|Detection of Human HSP27 by Western Blot. Western blot shows lysates of MCF‑7 human breast cancer cell line and HeLa human cervical epithelial carcinoma cell line. PVDF membrane was probed with 0.1 µg/mL of Rat Anti-Human HSP27 Monoclonal Antibody (Catalog # MAB15801) followed by HRP-conjugated Anti-Rat IgG Secondary Antibody (Catalog # HAF005). A specific band was detected for HSP27 at approximately 27 kDa (as indicated). This experiment was conducted under reducing conditions and using Immunoblot Buffer Group 1.|
|HSP27 in HeLa Human Cell Line. HSP27 was detected in immersion fixed HeLa human cervical epithelial carcinoma cell line using Rat Anti-Human HSP27 Monoclonal Antibody (Catalog # MAB15801) at 8 µg/mL for 3 hours at room temperature. Cells were stained using the NorthernLights™ 557-conjugated Anti-Rat IgG Secondary Antibody (red; Catalog # NL013) and counterstained with DAPI (blue). Specific staining was localized to cytoplasm. View our protocol for Fluorescent ICC Staining of Cells on Coverslips.|
|HSP27 in Human Ovarian Cancer Tissue.
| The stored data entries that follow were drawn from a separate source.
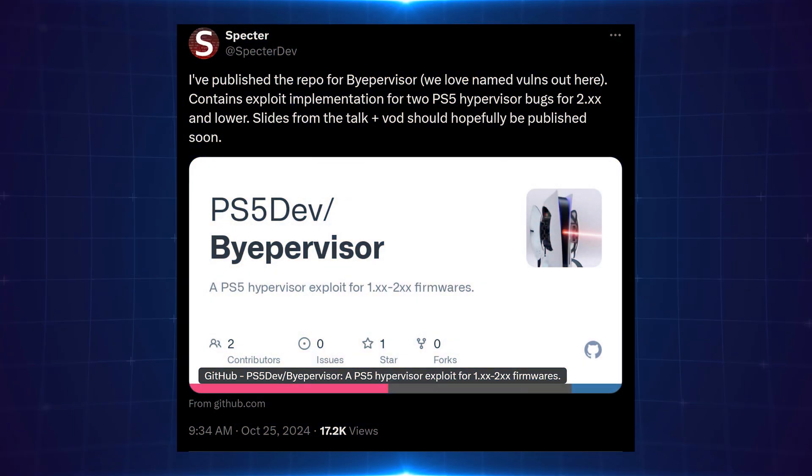Hey what's going on guys, welcome back to another PS5 video. We have some major developments happening here on the PS5. The console has been attacked from multiple different angles. We're going to cover all of the main developments in this video.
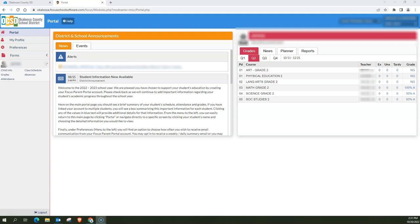Hello parents. In this video I'm going to show you how you can view your students current grades and report cards in the focus parent portal.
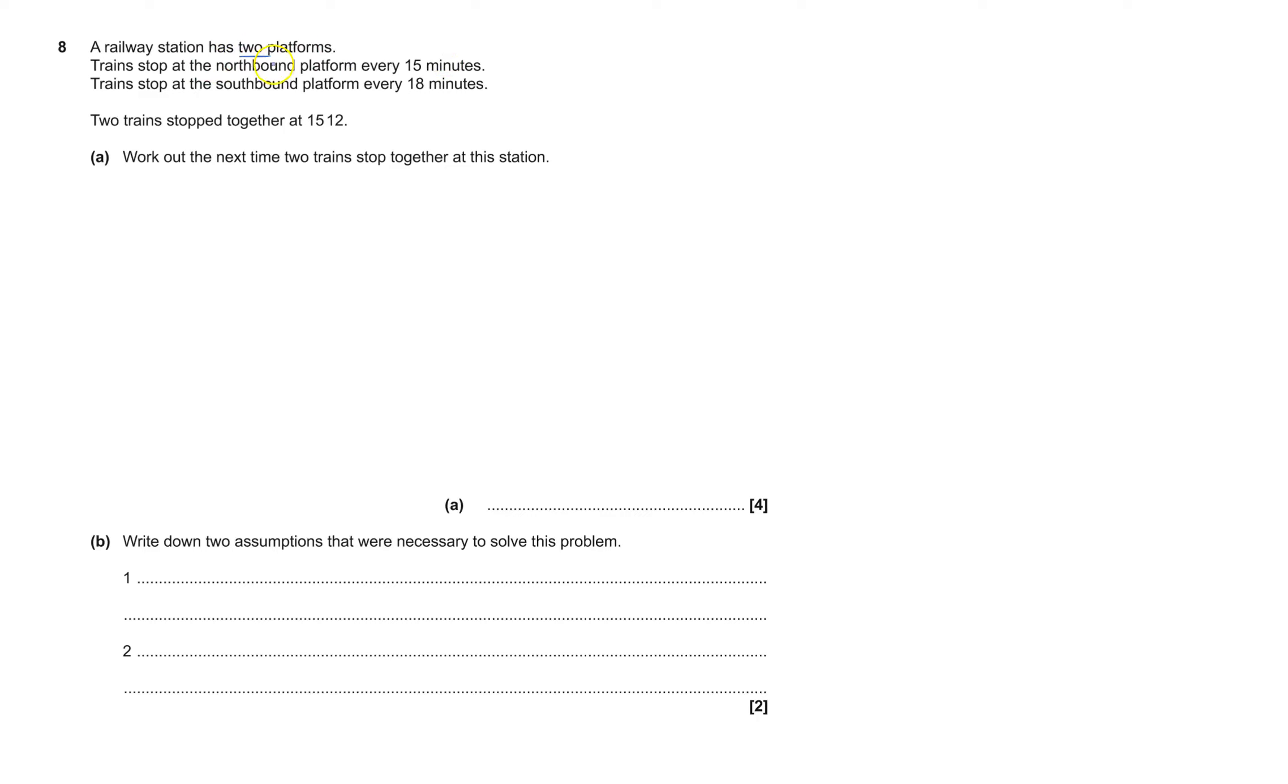A train has two platforms. Trains at the northbound station stop every 15 minutes and the southbound every 18. Two trains stop together at 15:12. So I take that to mean 15:12.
HSP27 was detected in immersion fixed paraffin-embedded sections of human ovarian cancer tissue using Rat Anti-Human HSP27 Monoclonal Antibody (Catalog # MAB15801) at 5 µg/mL overnight at 4 °C. Tissue was stained using the Anti-Rat HRP-DAB Cell & Tissue Staining Kit (brown; Catalog # CTS017) and counterstained with hematoxylin (blue). Specific staining was localized to cytoplasm and plasma membrane in epithelial cells. View our protocol for Chromogenic IHC Staining of Paraffin-embedded Tissue Sections.|
Heat shock proteins (HSPs) are a family of highly conserved stress response proteins. Heat shock proteins function primarily as molecular chaperones by facilitating the folding of other cellular proteins, preventing protein aggregation or targeting improperly folded proteins to specific degradative pathways. HSPs are typically expressed at low levels under normal physiological conditions but are dramatically up-regulated in response to cellular stress. Elevated levels of HSPs have been observed in association with ischemia/reperfusion, cancer, and chronic heart failure. HSP27 is a member of the small heat shock protein family, which also includes HSP25 and the alpha -crystallins. Ser78 and Ser82 of HSP27 are phosphorylated in vivo in response to growth factors or heat shock, and the extent of phosphorylation plays a role in determining specific functions. HSP27 forms a large oligomer and functions as an anti-apoptotic molecule, regulating apoptosis through direct interaction with key components of the apoptotic pathway. HSP27 binds and sequesters cytochrome c released from the mitochondria in response to an apoptotic stimulus. This prevents the proper assembly of the apoptosome and subsequently, the activation of procaspase-9 and procaspase-3.